2. The definition of “Schedule of Inventory” set forth in Section 1.1 of the Credit Agreement is hereby amended and restated in its entirety as follows:
“Schedule of Inventory shall mean a current schedule of finished goods Inventory in form and substance reasonably satisfactory to the Administrative Agent, itemizing and describing the kind, type, quality and quantity of such finished goods Inventory, as derived from physical counts, and the Loan Parties’ costs therefor.”
3. Section 6.2(i) of the Credit Agreement is hereby amended and restated in its entirety as follows:
“(i) If, after giving effect to the Loans to be made or the Letters of Credit to be issued, the aggregate amount of all Loans and Letters of Credit outstanding, including accrued interest thereon, is greater than $20,000,000, a Borrowing Base Certificate, in form and substance satisfactory to the Administrative Agent, prepared as of the last Business Day of the month immediately preceding the month in which the request is made, showing total unused availability under the Revolving Credit Commitments, after giving effect to the Loans to be made or the Letters of Credit to be issued.”
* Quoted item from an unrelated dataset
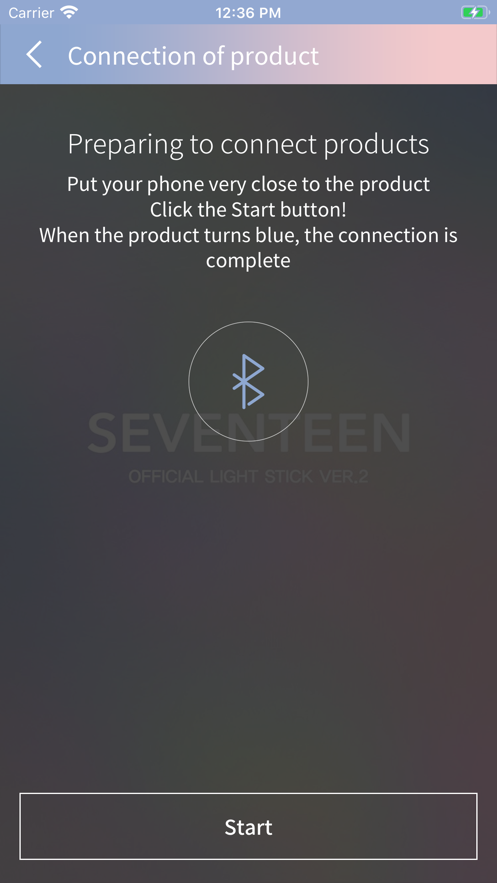 seventeen应援棒app二代(SVT VER.2)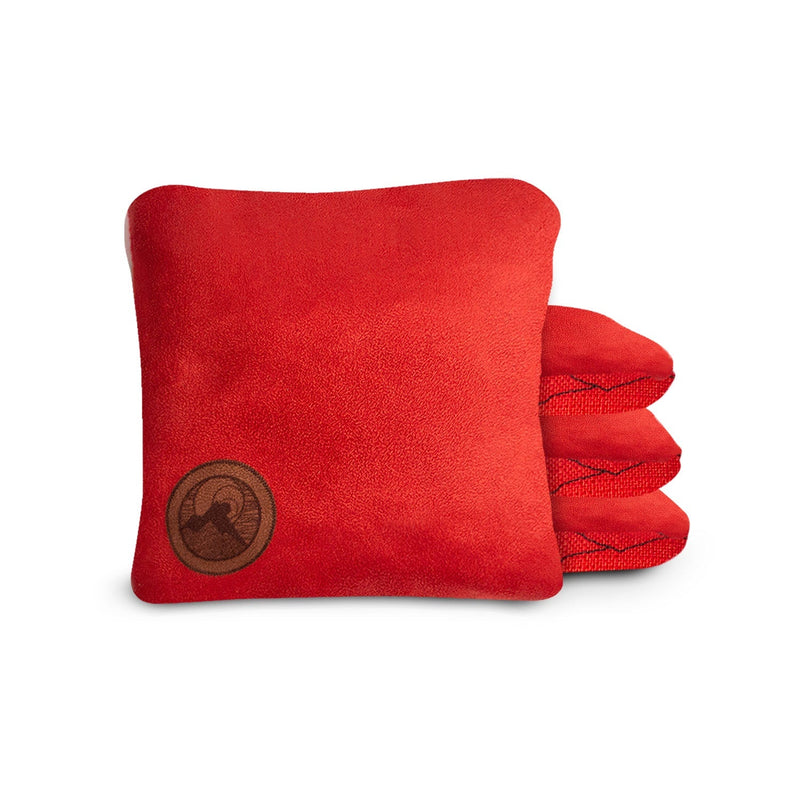Load image into Gallery viewer, 6-in Dual-Sided Cornhole Bags | Mt. Elakai Design Collection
4. Section 7.2.6 of the Credit Agreement is hereby amended and restated in its entirety as follows:
“7.2.6 Dispositions of Assets or Subsidiaries. Each of the Loan Parties shall not, and shall not permit any of its Subsidiaries to, sell, convey, assign, lease, abandon or otherwise transfer or dispose of, voluntarily or involuntarily, any of its properties or assets, tangible or intangible (including sale, assignment, discount or other disposition of accounts, contract rights, chattel paper, equipment or general intangibles with or without recourse or of capital stock, shares of beneficial interest, partnership interests or limited liability company interests of a Subsidiary of such Loan Party), except:
(i) transactions involving the sale or other disposition of inventory in the ordinary course of business;
(ii) any sale, transfer, lease, or other disposition of assets in the ordinary course of business which are no longer necessary or required in the conduct of such Loan Party’s or such Subsidiary’s business;
(iii) any sale, transfer or lease of assets by any wholly owned Subsidiary of such Loan Party to another Loan Party; provided that the documents necessary to grant and perfect Prior Security Interests, subject to Permitted Liens, if any, to the Administrative Agent for the benefit of the Lenders in the equity interests of, and Collateral held by, such wholly owned Subsidiary are executed by the Loan Party to whom the assets are being transferred;
(iv) any sale, transfer or lease of assets in the ordinary course of business which are replaced by substitute assets acquired or leased within the parameters of Permitted Indebtedness; provided such substitute assets are subject to the Lenders’ Prior Security Interest, subject to Permitted Liens, if any;
(v) licenses to one or more Foreign Subsidiaries of a Loan Party of Trademarks of the Loan Parties solely for use in connection with the business, outside of the United States of America, of a Loan Party or any of its Subsidiaries; provided, that no Potential Default or Event of Default exists when such license is entered into and provided further that any such license shall not preclude the Administrative Agent from exercising its rights under Section 8.2.4; or
(vi) the transfer of the equity interests of Under Armour Europe B.V. and Under Armour Canada, Inc. in one or more steps from Borrower to Under Armour International Holdings C.V. or another Excluded Entity or the transfer of the equity interests of any Excluded Entity (as defined in Section 7.2.8) to another Excluded Entity.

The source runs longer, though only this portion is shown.